The Lieutenant-Governor again kept quiet, as a town-meeting went on, which he watched with the keenest interest, freely commented on in his letters, and which is far too important to be overlooked in any review of these times. William Bollan, the Colonial Agent in London, sent to the popular leaders a selection from the letters of Governor Bernard, General Gage, Commodore Hood, and others, bearing on the introduction of the troops, which were judged to have aspersed the character, affected the rights, and injured the interests of the town. Their publication made a profound impression on the public mind, and they became the theme of every circle. At one of the political clubs, in which the Adamses, the Coopers, Warren, and others were wont to discuss public affairs, Otis, in a blaze of indignation, charged the crown officials with haughtiness, arbitrary dispositions, and the insolence of office, and vehemently urged a town-meeting. One was soon summoned by the Selectmen, which deliberated with dignity and order, and made answer to the official indictment in a strong, conclusive, and grand "Appeal to the World," and appointed, as a committee to circulate it, Thomas Cushing, Samuel Adams, Joseph Warren, Richard Dana, Joshua Henshaw, Joseph Jackson, and Benjamin Kent,—men of sterling character, and bearing names that have shed lustre on the whole country. Reason and truth, thus put forth, exerted an influence. Hutchinson felt the force of this. "We find, my Lord, by experience," he advised Lord Hillsborough, October 19, 1769, "that associations and assemblies pretending to be legal and constitutional, assuming powers that belong only to established authority, prove more fatal to this authority than mobs, riots, or the most tumultuous disorders; for such assemblies, from erroneous or imperfect notions of the nature of government, very often meet with the approbation of the body of the people, and in such case there is no internal power which can be exerted to suppress them. Such case we are in at present, and shall probably continue in it until the wisdom of Parliament delivers us from it."

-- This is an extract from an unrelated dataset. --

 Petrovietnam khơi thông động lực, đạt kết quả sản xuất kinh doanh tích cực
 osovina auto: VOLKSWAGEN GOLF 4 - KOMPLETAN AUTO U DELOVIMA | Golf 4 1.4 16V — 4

It would be difficult to say what power the people now assumed that belonged only to established authority; they assumed only the right of public meeting and of liberty of discussion, which are unquestionable in every free country; but the ruling spirit of Hutchinson is seen in this fine tribute to the instrumentality of the town-meeting, for he regarded the American custom of corporate presentation of political matters as illegal, and the power of Parliament as sufficient to meet it with pains and penalties. As the committee already named sent forth the doings of the town, they said, (October 23, 1769,) "The people will never think their grievances redressed till every revenue act is repealed, the Board of Commissioners dissolved, and the troops removed."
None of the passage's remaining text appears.